Dia menceritakan bahwa perempuan dihadapkan dengan tuntutan pernikahan. Alhasil, katanya, perempuan menjadi terhambat untuk berkembang dan memengaruhi posisi mereka di dalam struktur sosial.
Rahayu pun mencontohkan ketika perempuan ingin mengambil jenjang pendidikan S2 atau S3, kerap mendapat pertentangan dari orang tua karena memengaruhi usia untuk menikah.
Dia menilai ada tiga faktor yang menghambat pemberdayaan perempuan, yakni sistem patriarki, budaya, dan ekonomi.
“Bagaimana secara ekonomi perempuan bisa berdaya. Terus secara budayanya. Itu tidak mendukung untuk perempuannya bisa mandiri,” tegasnya.
Selain pemberdayaan perempuan, Sara, sapaan akrabnya, turut menyoroti masih maraknya tindak pidana perdagangan orang (TPPO).
Dia menilai kegiatan kriminal itu dipengaruhi oleh faktor ekonomi, di mana banyak orang yang kesulitan ekonomi sehingga terpaksa melakukan hal tersebut.
“Kenapa kok ada banyak sekali di Indonesia itu rentan berhadapan [dengan tindak pidana] perdagangan orang? Karena masalah sosial ekonomi. Mereka mencari pekerjaan. Pekerjaan itu tidak ada di daerah mereka,” tutur Sara.

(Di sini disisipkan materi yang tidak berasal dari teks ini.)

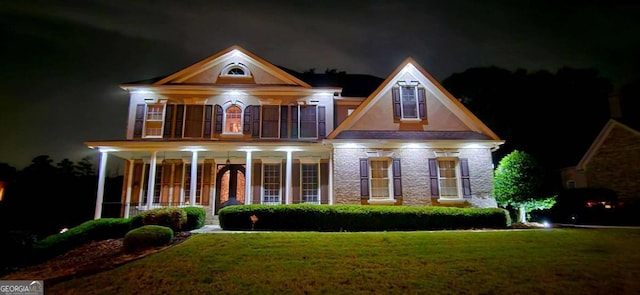 5810 Old Mill Trce, Lithonia, GA 30038 - view of front of home with a yard, covered porch, and stucco siding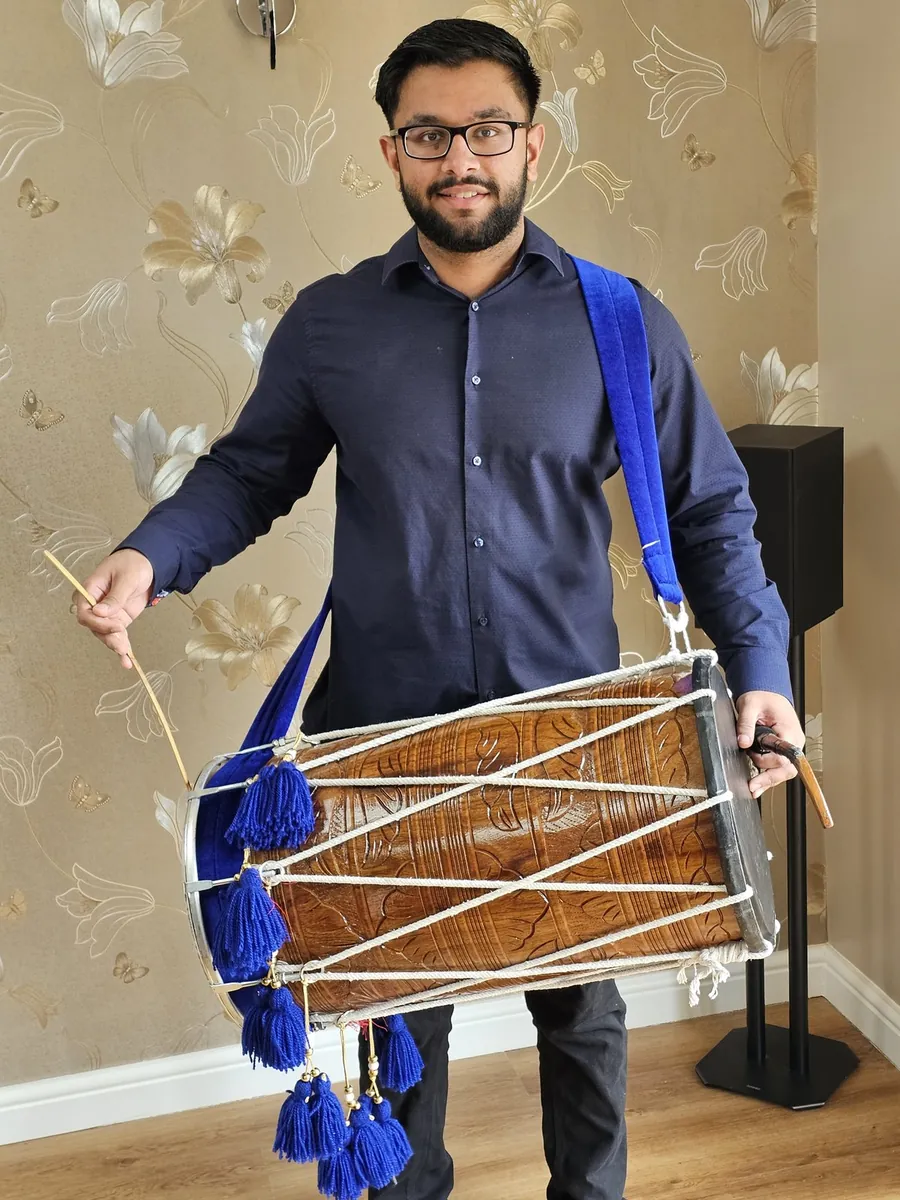 Manraj smiling with his carved wooden dhol on a blue strap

Dia menegaskan bahwa perempuan harus berkontribusi bagi perubahan. Jika perempuan mendapatkan akses di berbagai sektor maka kesetaraan akan terwujud.
“Jika perempuan diberikan akses kepada kesehatan, pendidikan, kesempatan ekonomi, justru bukan hanya perempuan itu saja yang terangkat, tapi juga seluruh komunitasnya terangkat,” pungkasnya.